As well known,the precondition for conventional designs of optimal and robut controllers,that the controller should be realized exactly,always results in fragile controllers,so that small perturbation of the coefficients of the designed controller destabilize the closed-loop control system.In addition,since time-delay is a normal phenomenon widely existed in many industrial process control systems,it is indeed the critical source of instability and degradation in control performance of control systems.To handle this problem,based on the Lyapunov stability theory and the new method of delay-dependent robust stability developed in recent years,the problems of non-fragile robust H_∞control and guaranteed cost control were investigated for uncertain linear systems,neutral systems,discrete systems with time-delays in this thesis.
(1) Analysis on the delay-dependent robust stability of linear systems with time delays by using bisection of time-delay
So far in the study on the delay-dependent robust stability with delays, the delay information in Lyapunov-Krasovskii functional is always viewed as an integer.That is,the coefficient matrices of positive definite Q and R are constant at the interval[-h,0]in Lyapunov-Krasovskii functional.That induces conservation of the bound of delays.To overcome this shortage,the method decomposing the delay interval into two equidistance subintervals was introduced,on which different new Lyapunov functionals were defined in two intervals and two cases,with respect to the cases of d(t) with constant and time-varying delays.Numerical example was given to show that,the results were less conservative.
(2) The non-fragile robust controller designed for linear systems with time delays using bisection of time-delay
Based on the robust stabilization of delay systems,firstly,considering the uncertainties with state and control input,which are always in the terms of the product of two uncertainties,the non-fragile delay-dependent robust H_∞control of linear delayed systems was investigated.A new delay-dependent condition,which ensured that the closed-loop system was internally robust stable with a given H_∞disturbance attenuation levelγunder zero condition via a non-fragile controller,was obtained with respect to additive and multiplicative uncertainties.As a result,the method of non-fragile H_∞controller design was proposed.Secondly,bisection of time-delay was introduced to the non-fragile robust controller designed for linear systems with time delays using bisection of time-delay,so that,with respect to two cases of d(t) with time-invarying and time-varying delays,the new delay-dependent conditions are obtained,which could ensure that,via the non-fragile controller,the closed-loop system was internally robust stable with a given H_∞disturbance attenuation levelγunder zero condition.
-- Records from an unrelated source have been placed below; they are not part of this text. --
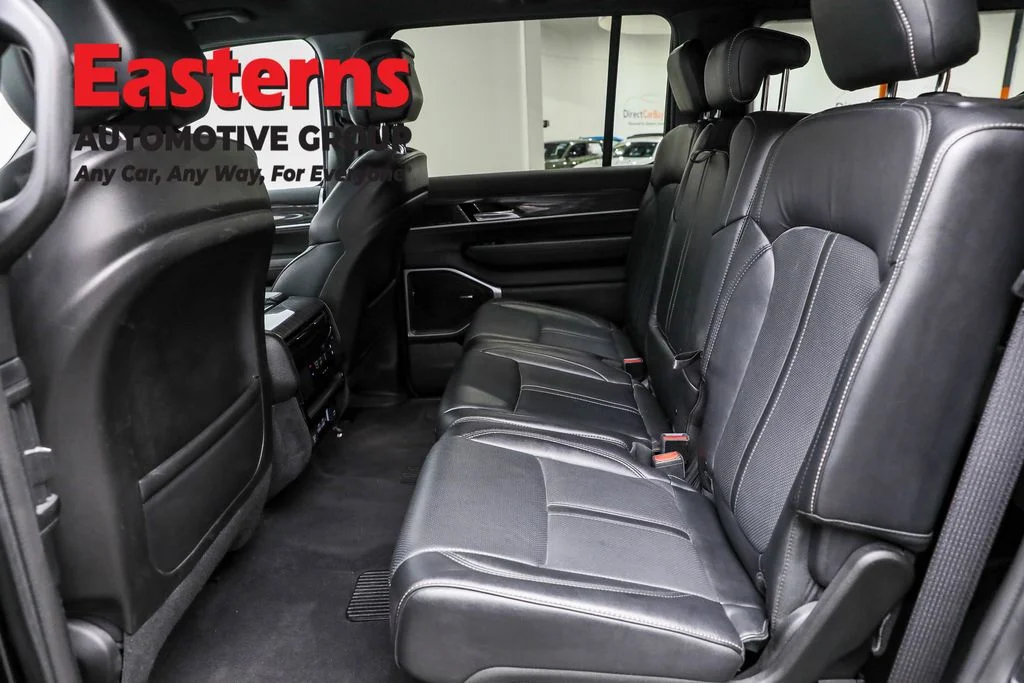 Used 2022 Black Jeep Series II image 21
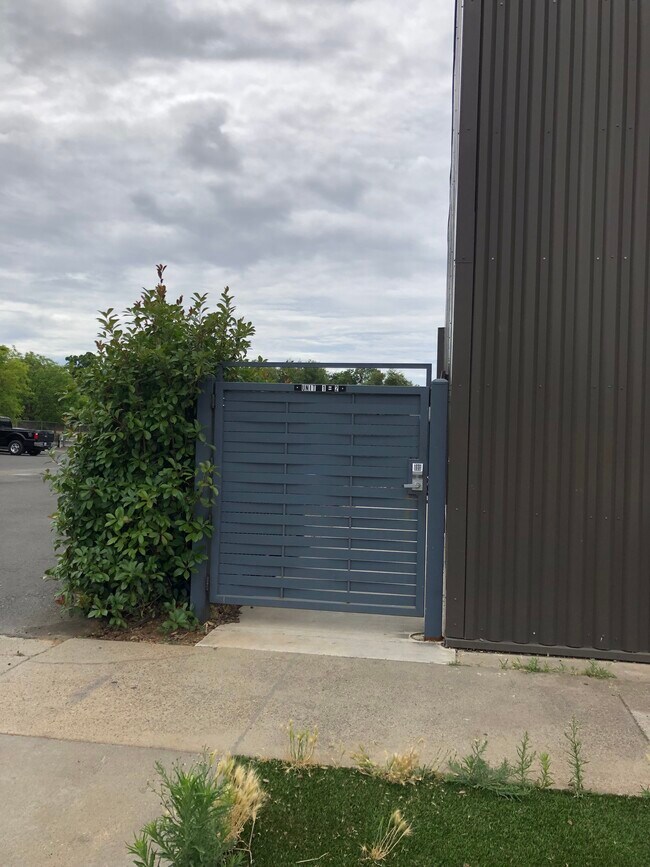 Building Photo - 2075 Baldwin Ave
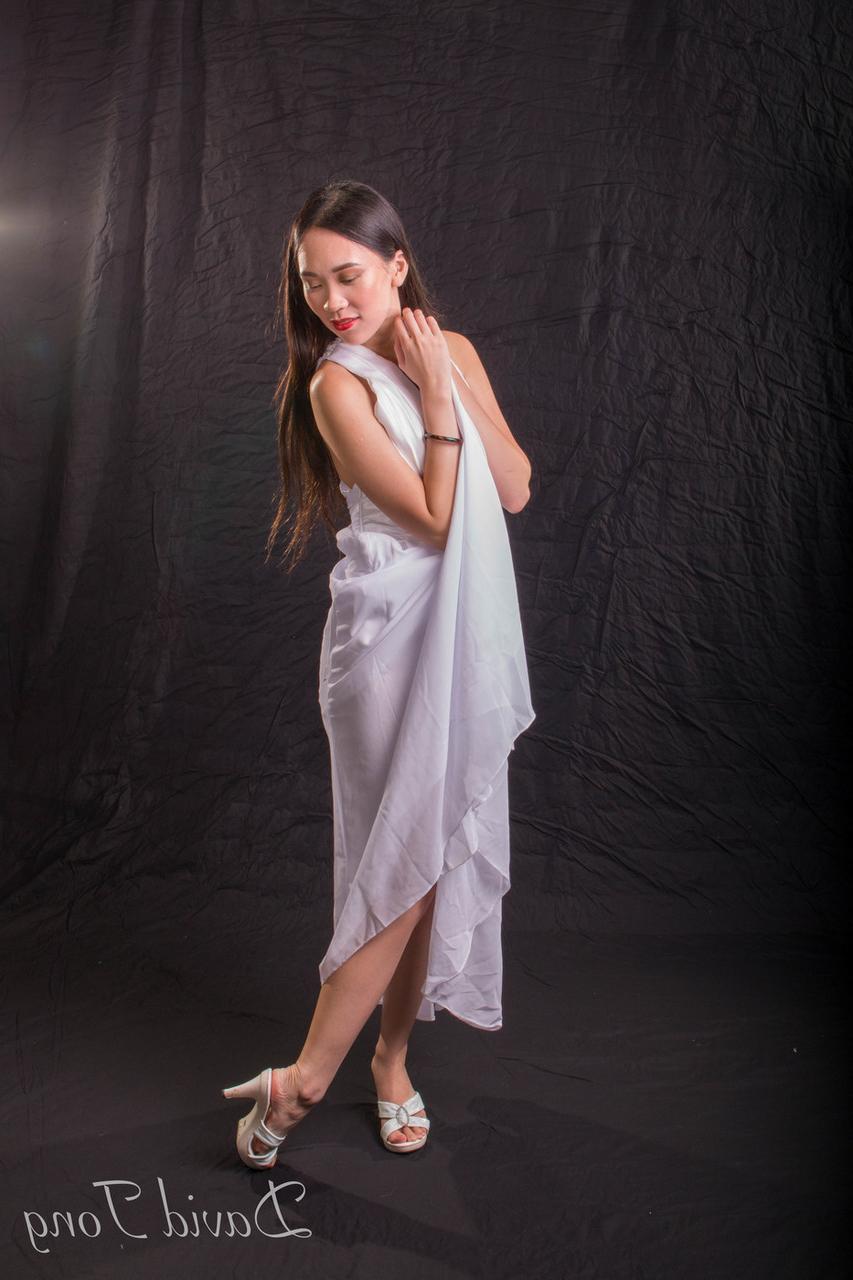 20P La ardiente asiática Tina posando en lencería y elegante vestido en solitario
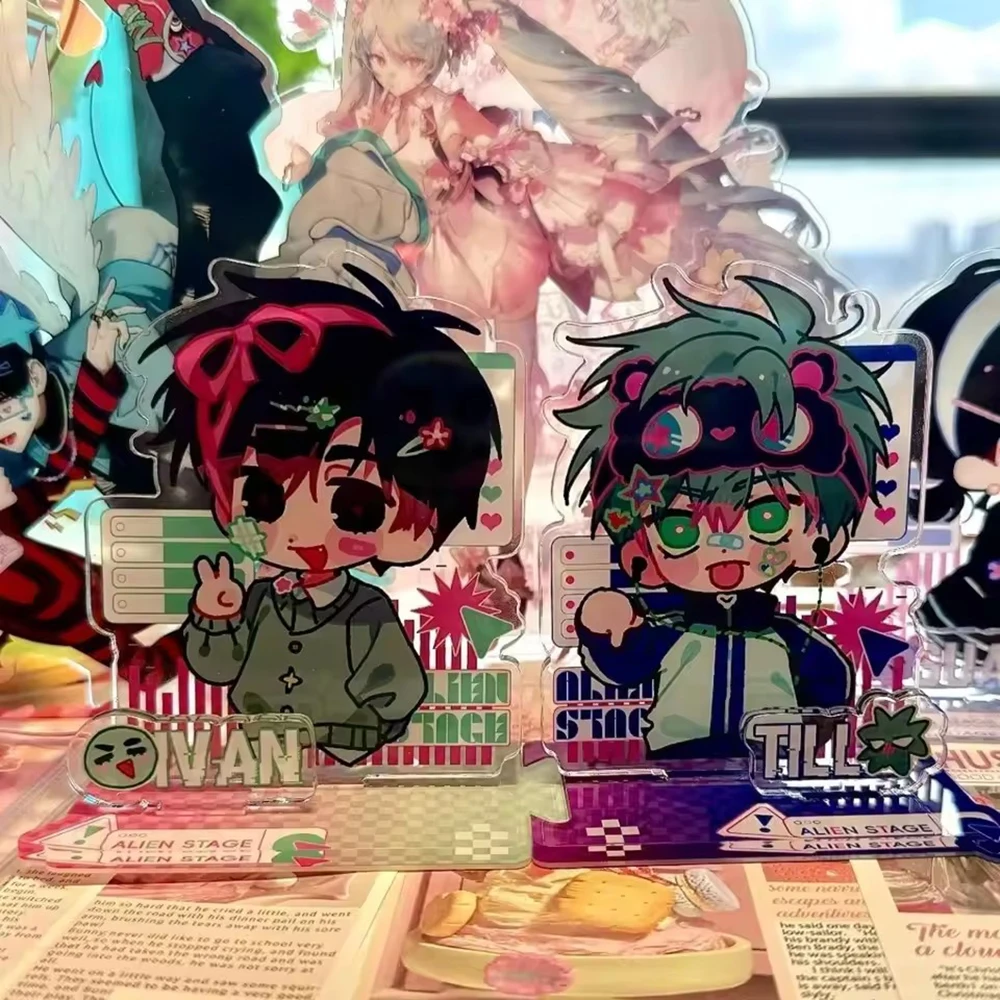 Alien Stage Figure Acrylic Stand - Desk Decor & Room Ornament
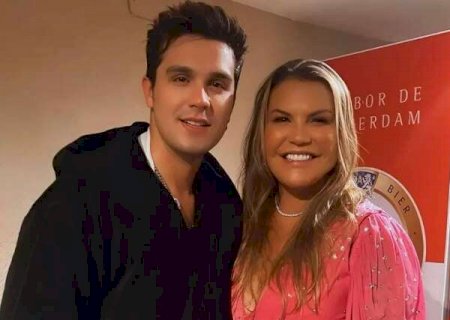 Luan Santana é tietado por irmã de Cristiano Ronaldo em show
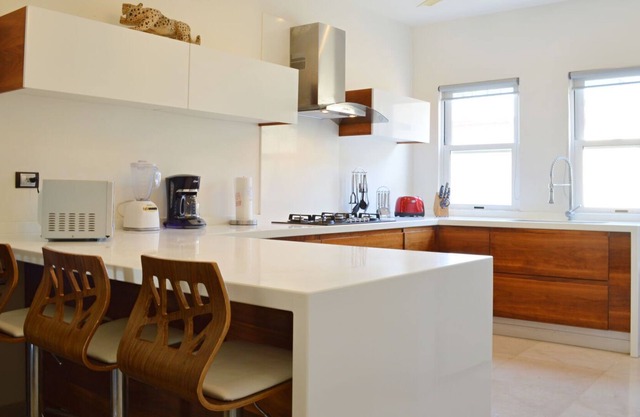 AMAZING 3BR PENTHOUSE STEPS TO THE BEACH AND 5TH AVENUE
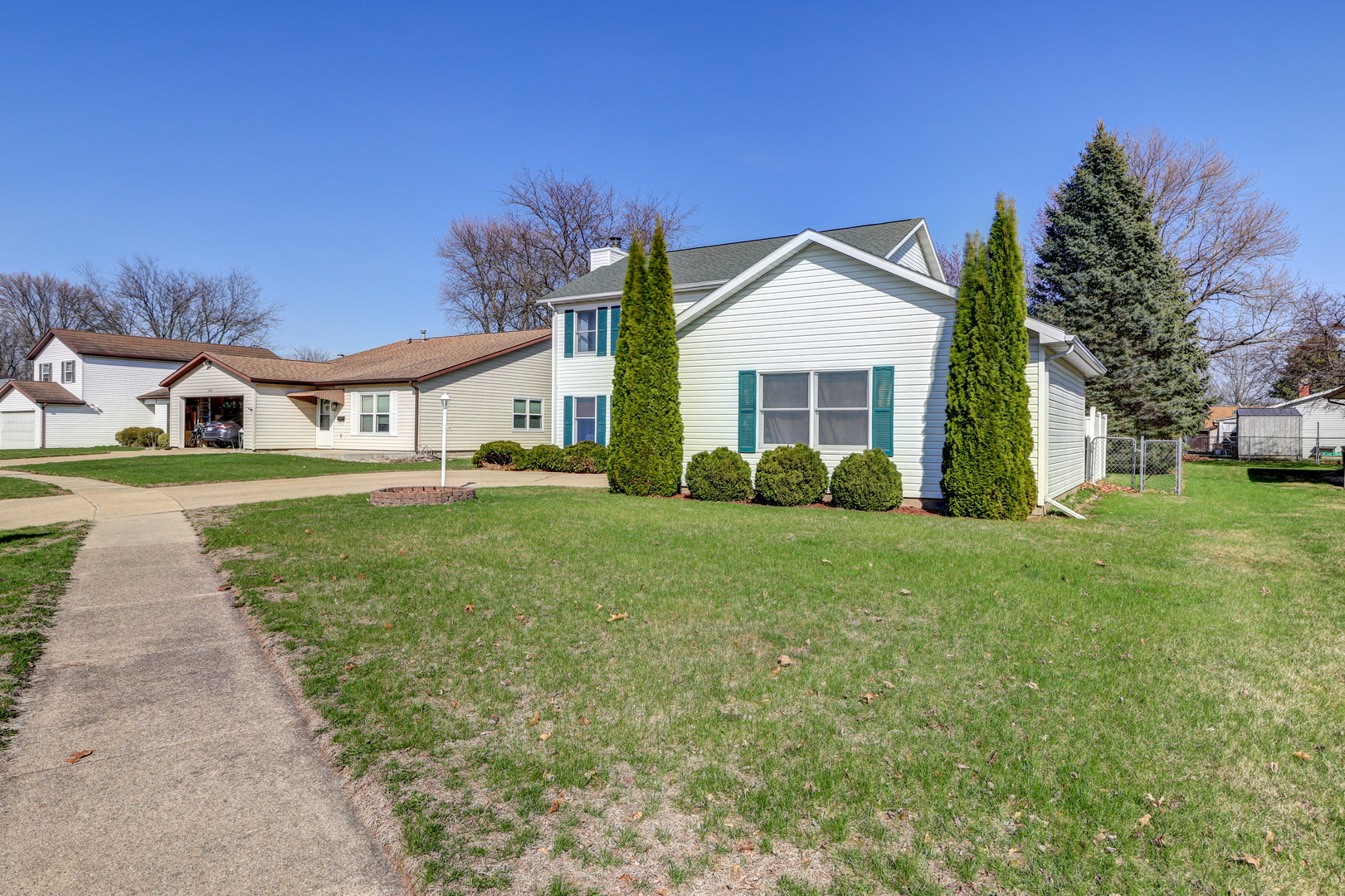 1902 19th Avenue Sterling, IL 61081 - Photo 3 of 29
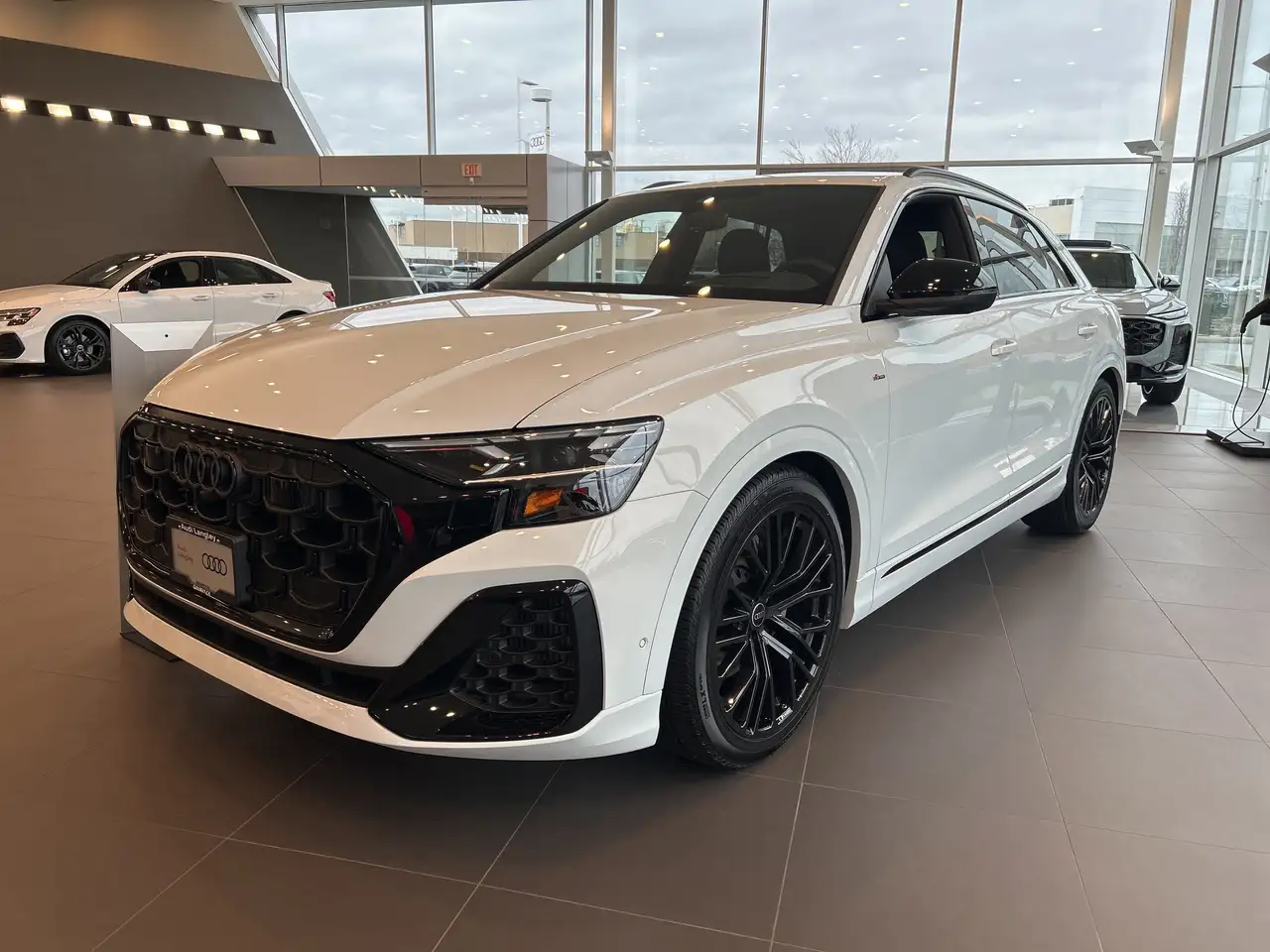 2026 Audi Q8 снимка 2026 Audi Q8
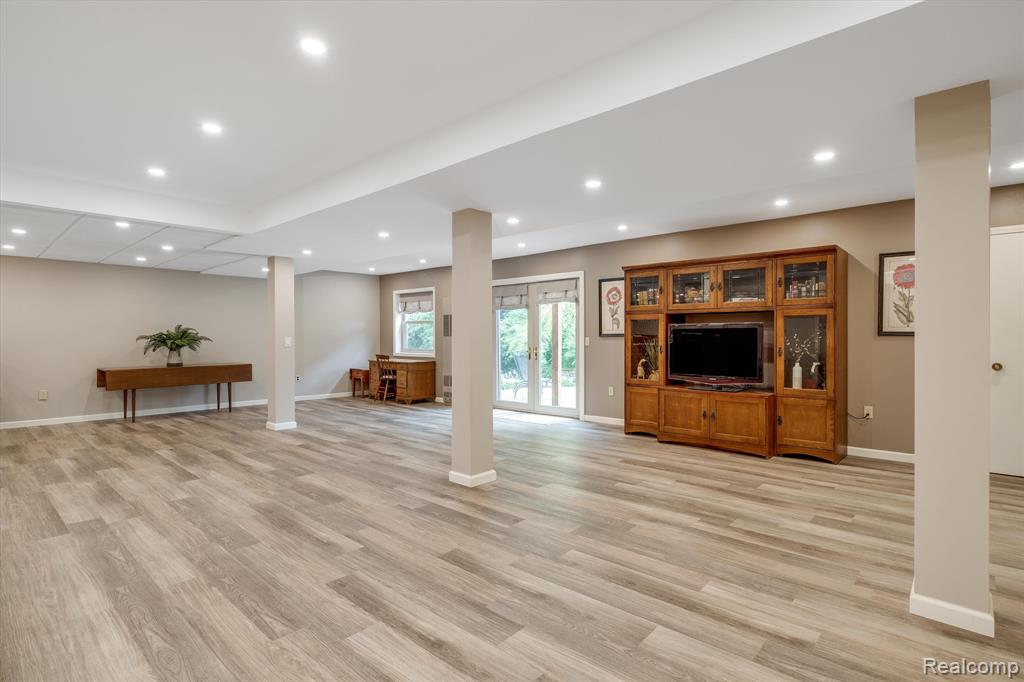 719 TEN POINT Drive, Rochester Hills, MI 48309 — Photo 28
Numerical simulation was given to show the validity of this approach.
(3) The non-fragile robust controller for neutral systems with time delays
The problem of delay-dependent non-fragile H_∞control for neutral time-delay systems was concerned with additive and multiplicative controller uncertainties.At first,a sufficient Bounded Real Lemma condition of the closed-loop system was given to show the internally stable,and also the H_∞delay-dependent disturbance performance via a non-fragile controller. The result only depended on the solutions of linear matrix inequalities,so that no parameter needs to be tuned.Numerical simulation was given to show the validity of the proposed approach.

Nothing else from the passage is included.